Stripe rust of wheat was also under investigation, and the usual screening program for chemical anticrop agents was continued. A gradual increase in the scope of the rest of the anti-crop program accompanied this development. Large scale greenhouse experiments on stripe rust of wheat yielded considerable information on the degree of crop injury in relation to the time and number of inoculations.

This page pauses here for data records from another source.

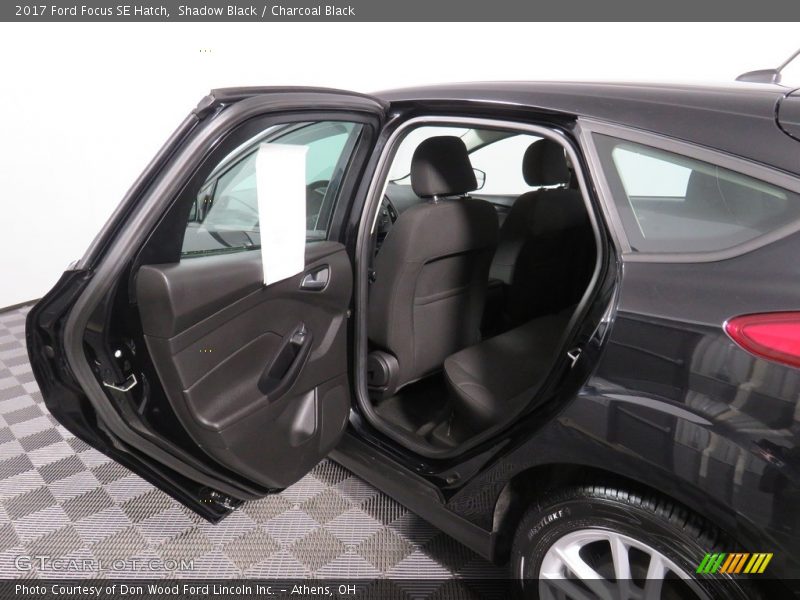 Shadow Black / Charcoal Black 2017 Ford Focus SE Hatch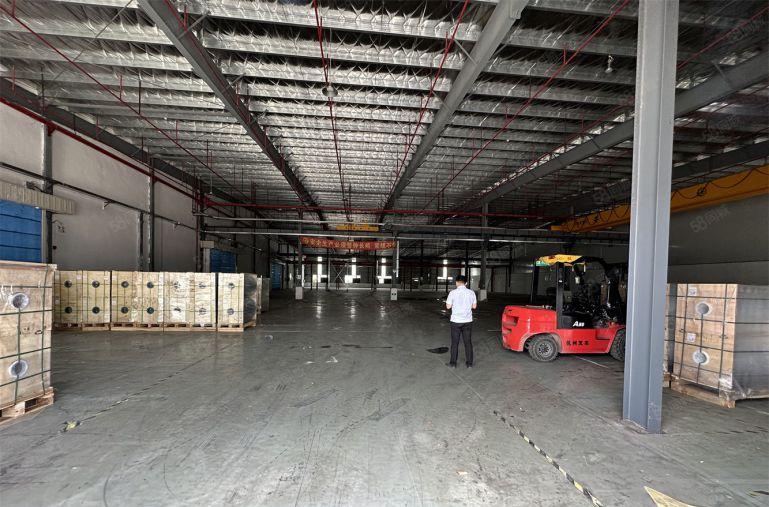 东莞附近带现成行车8米钢构厂房低价充足原房东有红本可分租龙溪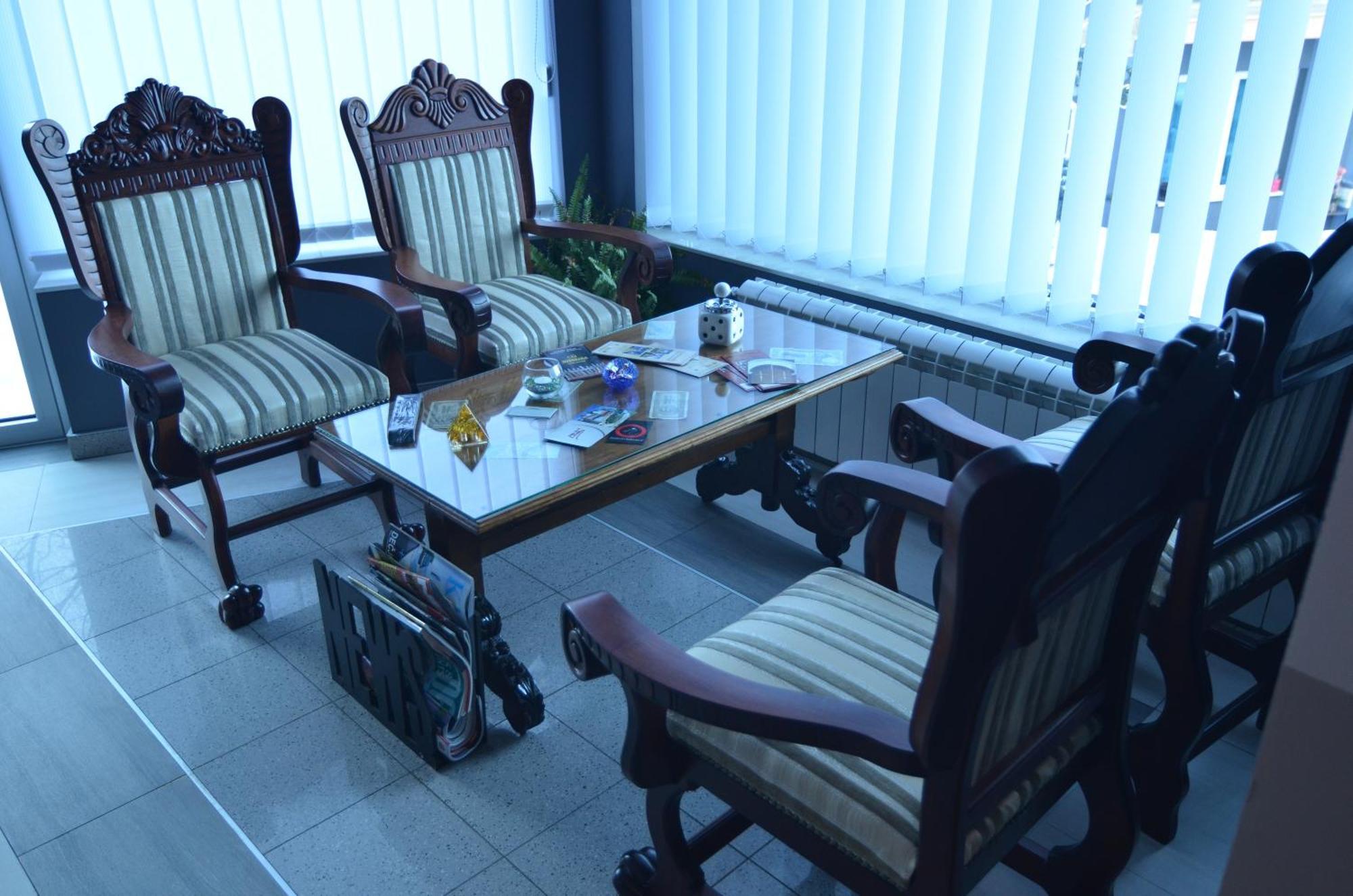 Garni Hotel Lama Kragujevac Buitenkant foto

Rocky Mountain Arsenal, from January 1962 to October 1969, "grew, purified and militarized" the plant pathogen wheat stem rust (Puccinia graminis, var. tritici) known as Agent TX for the Air Force biological anti-crop program. Agent TX-treated grain was grown at Edgewood Arsenal and from 1962–1968 in Sections 23-26 at Rocky Mountain Arsenal The unprocessed agent was transported to Beale AFB in refrigerated trucks for purification and storage and was kept refrigerated until loaded into specialized bombs adapted from the Leaflet bombs used to deliver propaganda. The M115 anti-crop bomb, also known as the feather bomb or the E73 bomb, was a U.S. biological cluster bomb designed to deliver wheat stem rust. The deployment of the M115 represented the United States' first, though limited, anti-crop biological warfare (BW) capability.

By the mid-1970s the Central Intelligence Agency (CIA) acknowledged that it had developed and field tested methods for conducting covert attacks that could cause severe crop damage.

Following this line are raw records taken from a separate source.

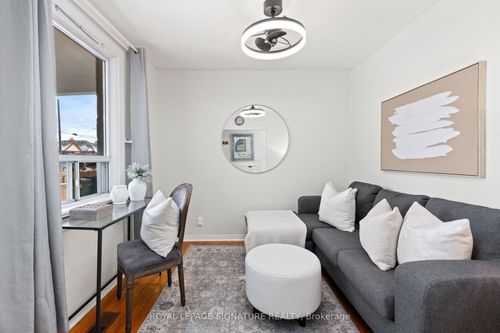 493 Jane St, York, ON, M6S4A1 | Card Image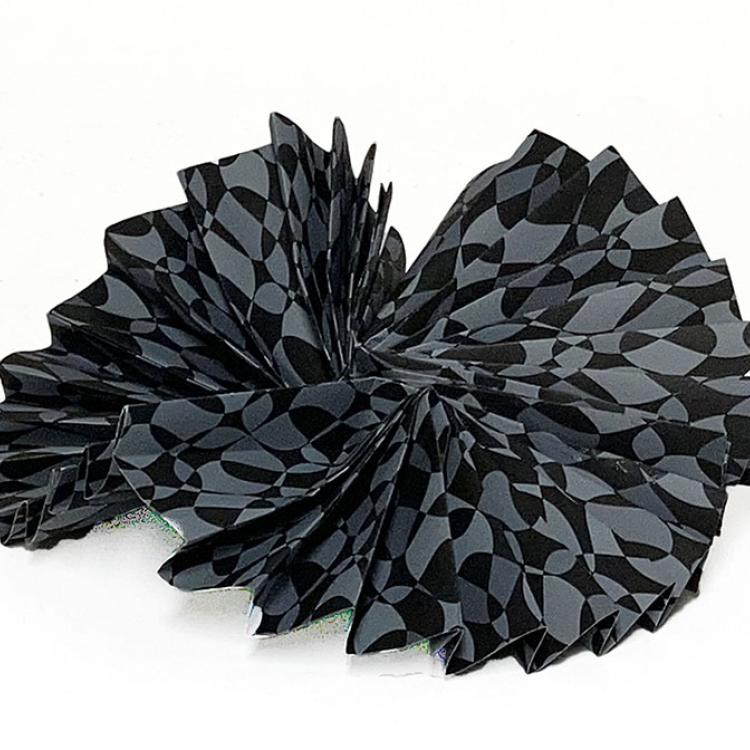 Luis Perelman - Black & White fold 2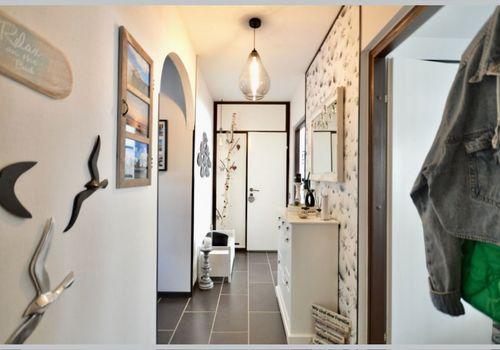 Gepflegter Eingangsbereich der Wohnung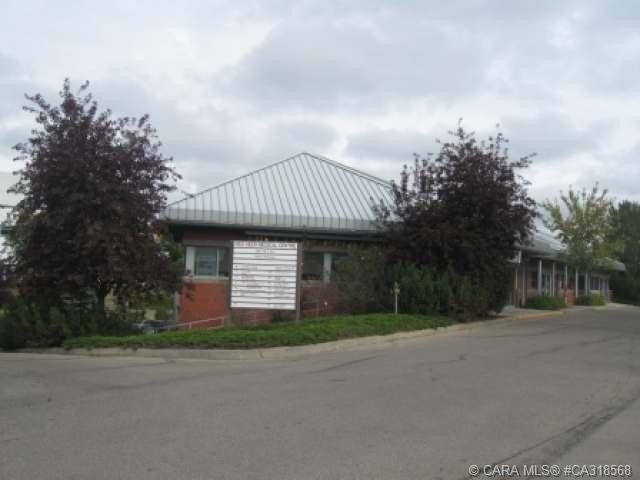 3947 50A Ave, Red Deer, AB à louer - Autre – Image 2 sur 28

== Rain-making component ==

Operation Pop Eye / Motorpool / Intermediary-Compatriot was a highly classified weather modification program in Southeast Asia during 1967–1972 that was developed from research conducted on Okinawa and other locations. A report titled Rainmaking in SEASIA outlines use of lead iodide and silver iodide deployed by aircraft in a program that was developed in California at Naval Air Weapons Station China Lake and tested in Okinawa, Guam, Philippines, Texas, and Florida in a hurricane study program called Project Stormfury. The chemical weather modification program conducted from Thailand over Cambodia, Laos, and Vietnam was allegedly sponsored by Secretary of State Henry Kissinger and CIA without the authorization of Secretary of Defense Melvin Laird who had categorically denied to Congress that a program for modification of the weather for use as a tactical weapon even existed. The program was used to induce rain and extend the East Asian Monsoon season in support of U.S. government efforts related to the War in Southeast Asia.

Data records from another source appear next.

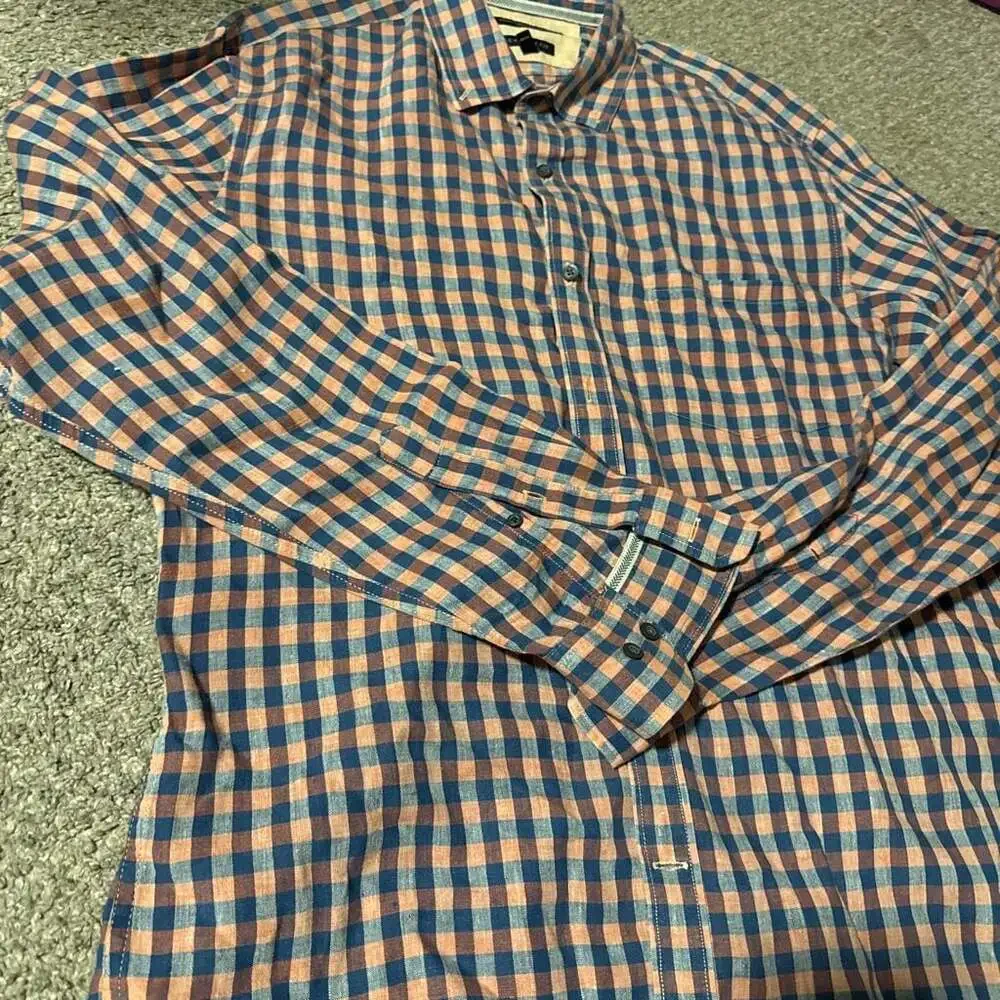 Banana Republic 100% Linen Camden Fit Gingham Plaid Button Down Shirt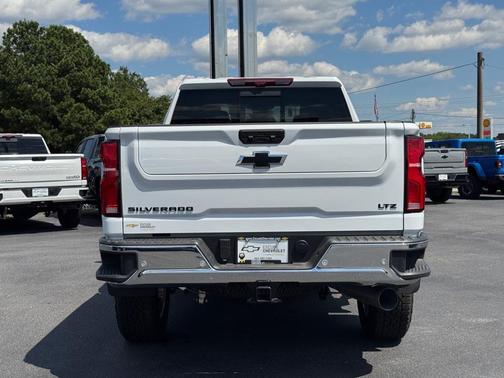 2025 Chevrolet Silverado 3500 LTZ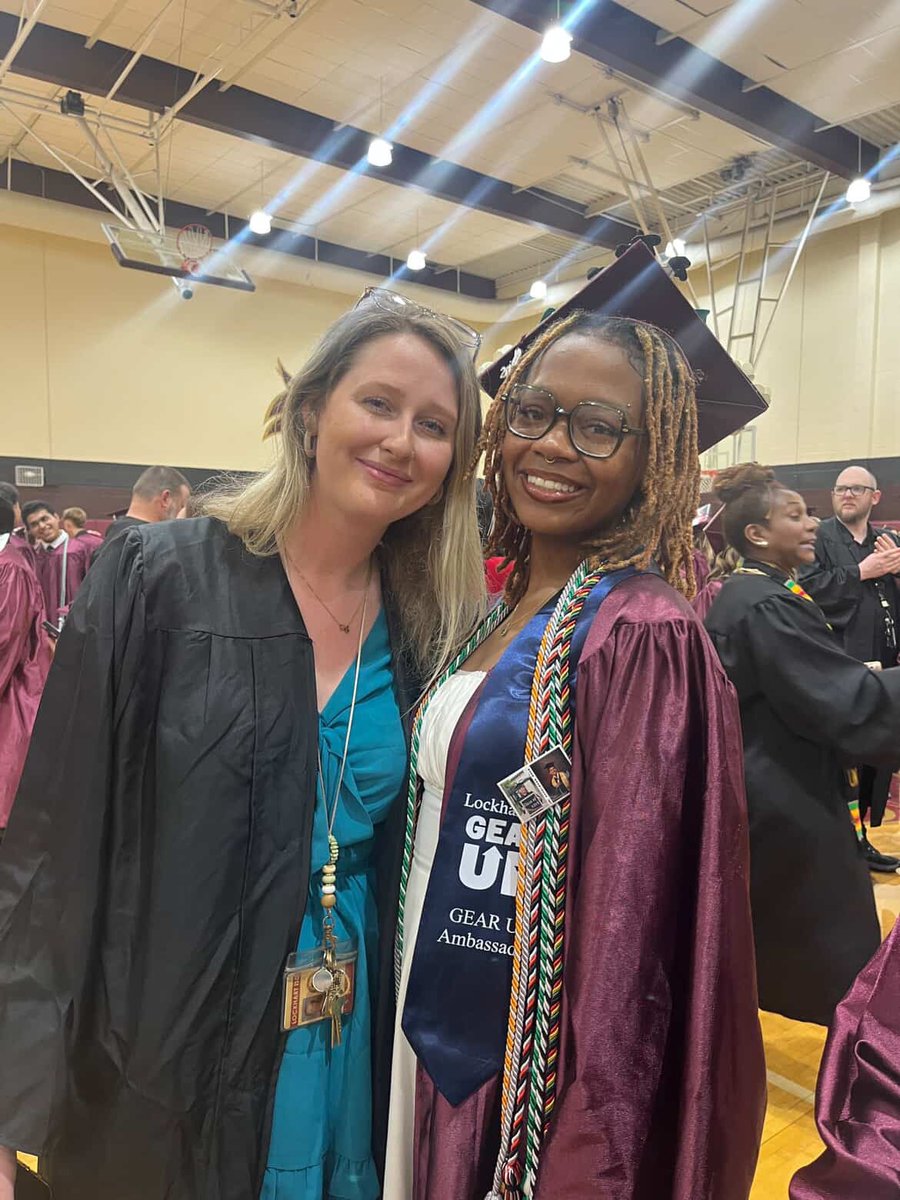 Blu DeVanon tweet media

The use of a military weather control program was related to the destruction of enemy food crops. Whether the weather modification program was related to any of the CBW programs is not documented. However, it is certain that some of the military herbicides used in Vietnam required rainfall to be absorbed. In theory, any CBW program using mosquitoes or fungus would have also benefited from prolonged periods of rain. Rice blast sporulation on diseased leaves occurs when relative humidity approaches 100%. Laboratory measurements indicate sporulation increases with the length of time 100% relative humidity prevails.